Assignment: Although the data below contains pictures, output only the lines between those holding "rainbow slime" and "FENOX ступица WH10125 купить,NaN", inclusive, exactly and without those pictures.

Material shown:
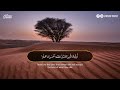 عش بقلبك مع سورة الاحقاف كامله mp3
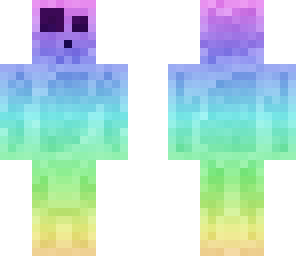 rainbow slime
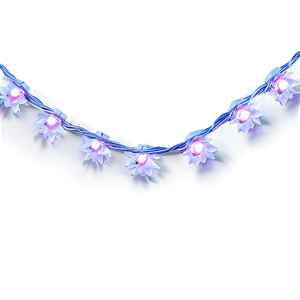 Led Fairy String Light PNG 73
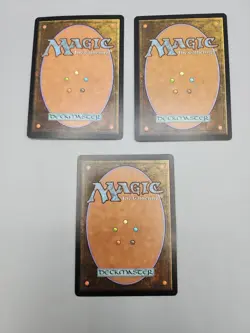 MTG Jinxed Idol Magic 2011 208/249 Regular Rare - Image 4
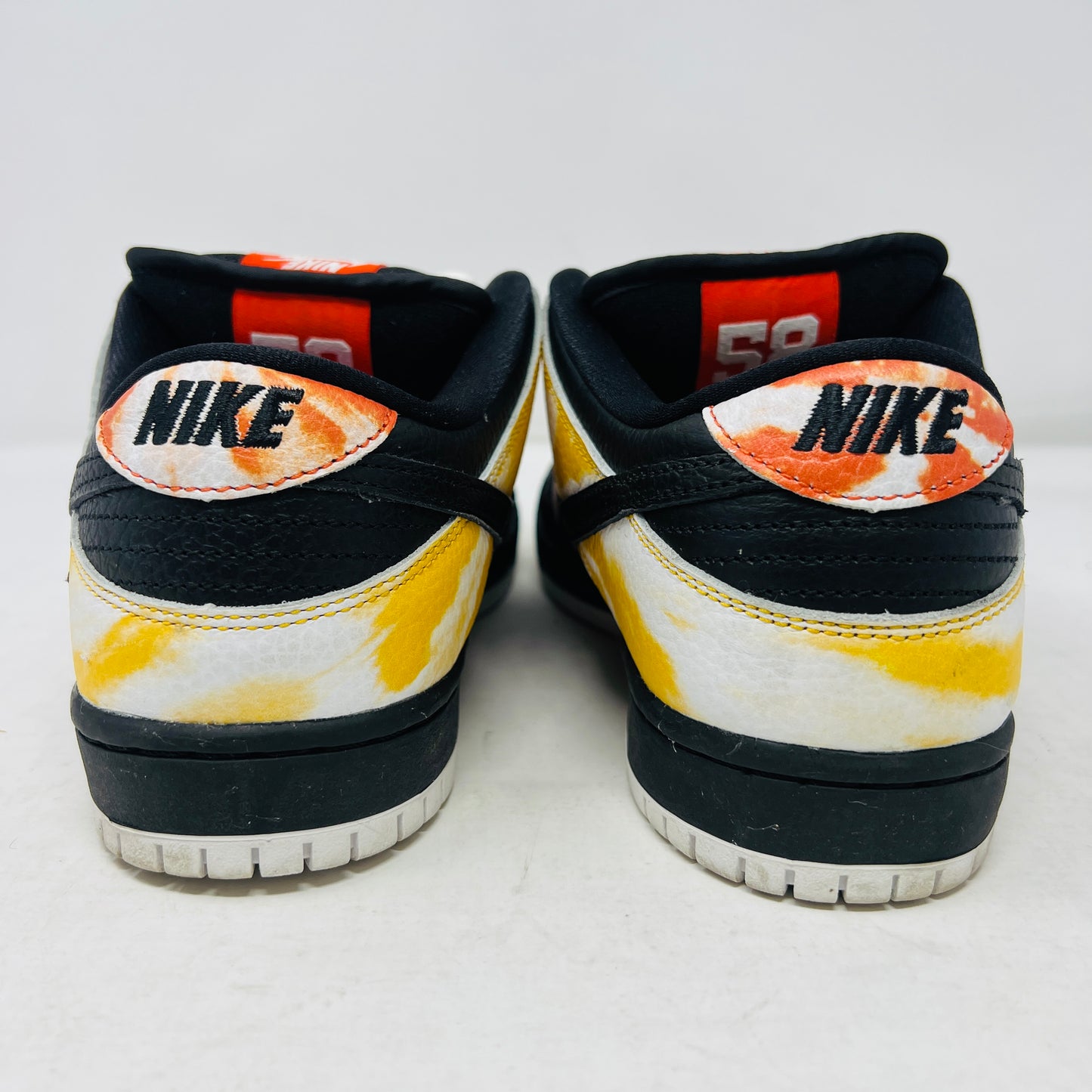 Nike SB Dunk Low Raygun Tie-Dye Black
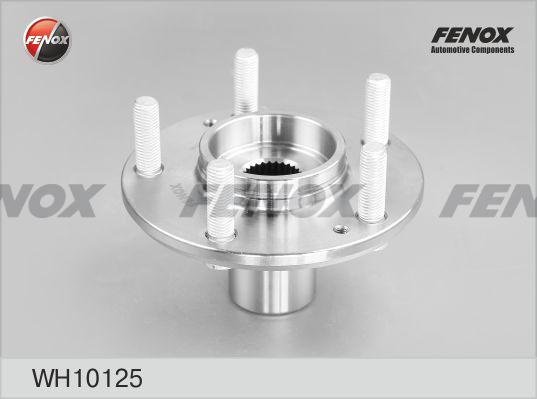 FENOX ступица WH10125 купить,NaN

---

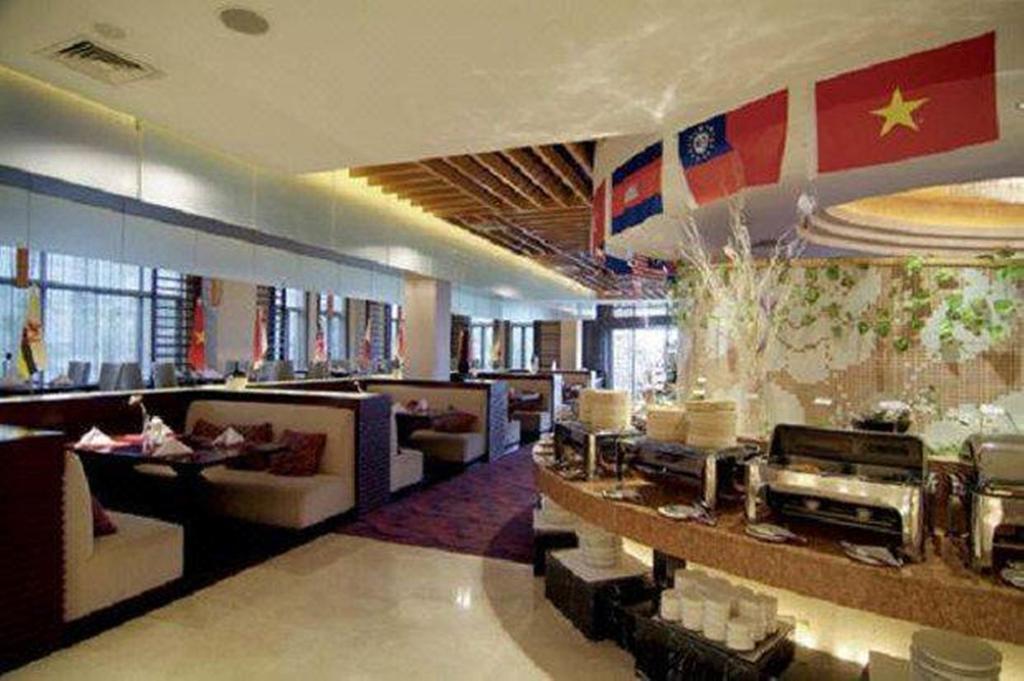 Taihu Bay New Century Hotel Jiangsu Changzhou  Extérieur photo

Task answer:
 rainbow slime
 Led Fairy String Light PNG 73
 MTG Jinxed Idol Magic 2011 208/249 Regular Rare - Image 4
 Nike SB Dunk Low Raygun Tie-Dye Black
 FENOX ступица WH10125 купить,NaN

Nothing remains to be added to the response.